Division of Labor officials did not respond to questions about whether anyone had been disciplined or any procedures were being changed or reviewed as a result of the findings in the order.
Before the park can reopen the ride, the division ordered it to:
Put the ride's weirs through "appropriate design and testing."
Create new written emergency evacuation plans.
Replace all flotation bladders with "manufacturer-approved" parts.
Receive an engineer's approval on several issues related to the ride's safety and physical condition.
The order also called for changes to the park's overall procedures, including:
Maintaining written records on all ride repairs.
Using ride-specific daily inspection forms for each ride.
Using individual checklists for every ride to document ride-specific training of operators and maintenance crews.
Jaramillo family mulls next steps
The Jaramillo family has not yet determined how to respond to the order, according to their lawyer.
"We have just received documents from the state of Iowa.
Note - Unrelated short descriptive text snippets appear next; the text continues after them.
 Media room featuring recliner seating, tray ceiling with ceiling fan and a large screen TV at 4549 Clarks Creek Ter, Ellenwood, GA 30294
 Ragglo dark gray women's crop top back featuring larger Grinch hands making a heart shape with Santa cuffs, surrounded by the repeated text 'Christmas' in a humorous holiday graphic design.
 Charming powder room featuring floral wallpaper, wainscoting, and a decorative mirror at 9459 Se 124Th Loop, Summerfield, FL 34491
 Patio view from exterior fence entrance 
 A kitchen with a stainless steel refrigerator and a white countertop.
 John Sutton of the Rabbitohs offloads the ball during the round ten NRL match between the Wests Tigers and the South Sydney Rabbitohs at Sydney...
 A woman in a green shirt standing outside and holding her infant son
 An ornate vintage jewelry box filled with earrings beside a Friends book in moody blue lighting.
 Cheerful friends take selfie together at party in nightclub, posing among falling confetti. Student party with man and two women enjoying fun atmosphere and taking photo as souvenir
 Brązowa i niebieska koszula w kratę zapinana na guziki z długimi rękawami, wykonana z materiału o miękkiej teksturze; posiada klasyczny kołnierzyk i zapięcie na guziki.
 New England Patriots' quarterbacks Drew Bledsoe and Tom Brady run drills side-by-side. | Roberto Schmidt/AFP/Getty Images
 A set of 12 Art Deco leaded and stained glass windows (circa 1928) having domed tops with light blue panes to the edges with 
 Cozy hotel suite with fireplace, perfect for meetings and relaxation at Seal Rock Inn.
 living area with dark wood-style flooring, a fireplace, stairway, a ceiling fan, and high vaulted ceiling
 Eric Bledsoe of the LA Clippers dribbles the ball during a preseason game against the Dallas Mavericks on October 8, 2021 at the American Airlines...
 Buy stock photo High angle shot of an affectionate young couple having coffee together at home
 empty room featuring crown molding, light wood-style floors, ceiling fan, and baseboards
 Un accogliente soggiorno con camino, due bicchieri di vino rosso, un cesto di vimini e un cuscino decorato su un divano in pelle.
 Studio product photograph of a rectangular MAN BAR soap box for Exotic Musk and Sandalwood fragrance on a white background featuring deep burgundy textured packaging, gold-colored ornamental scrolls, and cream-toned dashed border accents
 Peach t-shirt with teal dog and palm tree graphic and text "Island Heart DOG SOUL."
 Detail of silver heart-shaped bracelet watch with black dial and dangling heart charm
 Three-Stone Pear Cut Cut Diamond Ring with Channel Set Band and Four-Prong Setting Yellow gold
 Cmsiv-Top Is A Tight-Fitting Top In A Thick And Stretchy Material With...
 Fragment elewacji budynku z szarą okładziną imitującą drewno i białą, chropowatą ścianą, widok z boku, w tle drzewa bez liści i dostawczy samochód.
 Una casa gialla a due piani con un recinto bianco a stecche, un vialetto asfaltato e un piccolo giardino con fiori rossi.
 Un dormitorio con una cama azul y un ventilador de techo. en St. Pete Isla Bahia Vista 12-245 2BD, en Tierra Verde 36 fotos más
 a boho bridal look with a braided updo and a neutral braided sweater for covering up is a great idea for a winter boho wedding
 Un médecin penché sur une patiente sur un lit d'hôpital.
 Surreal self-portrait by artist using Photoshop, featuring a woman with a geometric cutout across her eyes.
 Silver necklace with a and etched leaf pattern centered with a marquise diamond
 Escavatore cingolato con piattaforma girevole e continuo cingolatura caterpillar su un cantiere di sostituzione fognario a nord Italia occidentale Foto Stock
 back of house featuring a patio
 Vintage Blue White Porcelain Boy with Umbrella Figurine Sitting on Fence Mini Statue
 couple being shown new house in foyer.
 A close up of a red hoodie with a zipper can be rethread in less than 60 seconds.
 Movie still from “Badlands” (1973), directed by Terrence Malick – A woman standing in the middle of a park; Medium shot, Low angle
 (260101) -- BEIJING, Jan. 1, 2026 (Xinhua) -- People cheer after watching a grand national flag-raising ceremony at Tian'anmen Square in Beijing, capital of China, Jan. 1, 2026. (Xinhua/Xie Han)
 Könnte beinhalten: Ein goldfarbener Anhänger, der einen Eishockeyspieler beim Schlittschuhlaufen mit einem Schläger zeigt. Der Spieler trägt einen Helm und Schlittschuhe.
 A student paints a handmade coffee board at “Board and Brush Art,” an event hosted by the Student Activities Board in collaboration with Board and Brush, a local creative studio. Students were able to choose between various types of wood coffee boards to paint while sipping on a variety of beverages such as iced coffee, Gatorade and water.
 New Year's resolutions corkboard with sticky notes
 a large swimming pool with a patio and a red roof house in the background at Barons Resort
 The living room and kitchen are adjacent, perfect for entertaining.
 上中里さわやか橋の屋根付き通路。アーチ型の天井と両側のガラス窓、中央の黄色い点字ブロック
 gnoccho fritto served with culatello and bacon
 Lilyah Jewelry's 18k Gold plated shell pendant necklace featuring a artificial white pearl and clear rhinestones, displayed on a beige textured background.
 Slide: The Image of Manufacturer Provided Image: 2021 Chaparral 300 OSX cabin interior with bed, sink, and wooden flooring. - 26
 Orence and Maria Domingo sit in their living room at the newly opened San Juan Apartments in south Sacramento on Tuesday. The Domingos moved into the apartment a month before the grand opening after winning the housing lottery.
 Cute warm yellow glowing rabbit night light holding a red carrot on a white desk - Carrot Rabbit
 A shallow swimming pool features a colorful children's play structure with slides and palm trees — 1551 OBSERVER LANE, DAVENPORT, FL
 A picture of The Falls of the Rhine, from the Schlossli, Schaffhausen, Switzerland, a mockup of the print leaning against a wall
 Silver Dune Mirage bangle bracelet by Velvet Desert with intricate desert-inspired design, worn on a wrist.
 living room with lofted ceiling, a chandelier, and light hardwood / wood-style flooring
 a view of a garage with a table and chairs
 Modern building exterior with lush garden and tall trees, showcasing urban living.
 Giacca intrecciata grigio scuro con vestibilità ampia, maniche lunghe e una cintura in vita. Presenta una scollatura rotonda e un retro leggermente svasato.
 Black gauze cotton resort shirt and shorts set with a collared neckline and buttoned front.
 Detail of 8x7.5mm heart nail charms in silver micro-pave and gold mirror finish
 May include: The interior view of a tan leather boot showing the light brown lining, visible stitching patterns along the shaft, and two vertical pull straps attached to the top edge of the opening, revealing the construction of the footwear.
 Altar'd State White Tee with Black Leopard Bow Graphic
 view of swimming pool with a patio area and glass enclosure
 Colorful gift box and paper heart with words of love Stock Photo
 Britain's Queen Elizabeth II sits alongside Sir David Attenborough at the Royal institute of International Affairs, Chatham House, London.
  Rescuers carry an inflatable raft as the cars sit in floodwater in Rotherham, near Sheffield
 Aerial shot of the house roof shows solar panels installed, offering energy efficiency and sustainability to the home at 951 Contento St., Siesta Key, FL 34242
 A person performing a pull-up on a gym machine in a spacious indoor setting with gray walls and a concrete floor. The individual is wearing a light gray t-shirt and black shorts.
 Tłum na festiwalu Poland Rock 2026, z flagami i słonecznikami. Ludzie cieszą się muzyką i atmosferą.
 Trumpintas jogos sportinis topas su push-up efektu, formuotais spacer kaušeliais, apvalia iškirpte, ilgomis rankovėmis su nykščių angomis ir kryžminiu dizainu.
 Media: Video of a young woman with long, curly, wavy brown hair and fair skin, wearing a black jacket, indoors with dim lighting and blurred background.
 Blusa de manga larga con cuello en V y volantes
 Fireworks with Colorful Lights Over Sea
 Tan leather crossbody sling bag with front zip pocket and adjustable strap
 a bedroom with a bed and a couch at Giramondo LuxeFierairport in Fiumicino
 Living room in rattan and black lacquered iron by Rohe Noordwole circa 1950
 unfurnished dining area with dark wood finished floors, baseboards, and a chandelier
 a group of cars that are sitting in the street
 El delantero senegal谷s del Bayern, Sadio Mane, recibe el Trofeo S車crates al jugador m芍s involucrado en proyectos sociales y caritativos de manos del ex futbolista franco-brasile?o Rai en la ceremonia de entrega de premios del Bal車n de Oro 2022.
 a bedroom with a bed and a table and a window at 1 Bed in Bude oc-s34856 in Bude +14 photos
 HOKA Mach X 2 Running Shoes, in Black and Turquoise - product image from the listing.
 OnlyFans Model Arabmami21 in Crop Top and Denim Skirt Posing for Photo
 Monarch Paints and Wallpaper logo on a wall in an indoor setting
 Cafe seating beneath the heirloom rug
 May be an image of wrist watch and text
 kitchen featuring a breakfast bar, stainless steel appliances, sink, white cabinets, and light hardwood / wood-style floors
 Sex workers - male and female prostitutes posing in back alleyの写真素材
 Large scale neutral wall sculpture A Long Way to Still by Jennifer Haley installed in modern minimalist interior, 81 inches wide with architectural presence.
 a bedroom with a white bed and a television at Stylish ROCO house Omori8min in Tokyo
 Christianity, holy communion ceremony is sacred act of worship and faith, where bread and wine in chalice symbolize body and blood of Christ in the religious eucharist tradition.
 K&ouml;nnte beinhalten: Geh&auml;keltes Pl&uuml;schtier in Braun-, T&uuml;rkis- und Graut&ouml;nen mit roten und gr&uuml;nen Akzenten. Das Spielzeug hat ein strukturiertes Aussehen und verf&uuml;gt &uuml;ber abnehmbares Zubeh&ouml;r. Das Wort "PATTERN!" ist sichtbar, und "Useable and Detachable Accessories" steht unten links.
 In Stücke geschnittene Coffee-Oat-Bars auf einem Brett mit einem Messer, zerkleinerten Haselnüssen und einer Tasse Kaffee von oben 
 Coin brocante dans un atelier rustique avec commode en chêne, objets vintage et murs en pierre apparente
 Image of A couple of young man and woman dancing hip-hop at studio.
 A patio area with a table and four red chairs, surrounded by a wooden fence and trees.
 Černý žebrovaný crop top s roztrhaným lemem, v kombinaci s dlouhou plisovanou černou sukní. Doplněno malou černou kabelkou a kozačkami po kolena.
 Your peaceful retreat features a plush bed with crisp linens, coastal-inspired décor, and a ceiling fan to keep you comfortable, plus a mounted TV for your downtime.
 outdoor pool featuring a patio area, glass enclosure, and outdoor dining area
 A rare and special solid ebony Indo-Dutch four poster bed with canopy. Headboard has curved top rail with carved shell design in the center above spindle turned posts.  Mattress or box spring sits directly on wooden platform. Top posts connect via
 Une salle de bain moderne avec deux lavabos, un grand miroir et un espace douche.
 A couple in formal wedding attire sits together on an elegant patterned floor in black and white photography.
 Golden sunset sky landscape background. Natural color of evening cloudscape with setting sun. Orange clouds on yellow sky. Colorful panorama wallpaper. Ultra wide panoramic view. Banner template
We are in the process of reviewing them," attorney Ryan Best said.
The order comes more than four months since the accident. Michael, his parents, his two brothers and a cousin were submerged when their boat capsized.
Michael and the younger David were both trapped in their seat belts under the raft, according to reports.
Both boys were taken from the scene in ambulances for treatment at Des Moines hospitals.
Michael was pronounced dead early July 4. An autopsy report lists drowning as his cause of death.
The family has not initiated legal proceedings, although Michael's estate documents indicate the Jaramillos intend to pursue a negligence claim related to his death.
Best declined to comment further on the possibility of legal action.
Register investigation found river raft rides have record of serious accidents
A Register investigation published in October found a decades-long string of deaths and injuries connected to simulated river rapids rides around the world, including some made by the Liechtenstein-based manufacturer of Raging River, Intamin Amusement Rides.
Several of the violations cited in the Iowa Division of Labor order are consistent with problems the Register's investigation found contributed to accidents at other rapids rides:
Under-inflated air bladders.
Failure to supervise riders at all times.
Inadequate staff training.
Inadequate emergency procedures.
Experts interviewed in connection with the Register's investigation said the Register's findings showed the potential for serious problems with the way the rides are designed and managed.
"If lack of following a procedure leads to a catastrophic outcome, then we have not designed a system that is resilient enough to actually do what we need it to do," said Trish Kerin, an internationally known industrial safety expert who had reviewed one of the other accidents.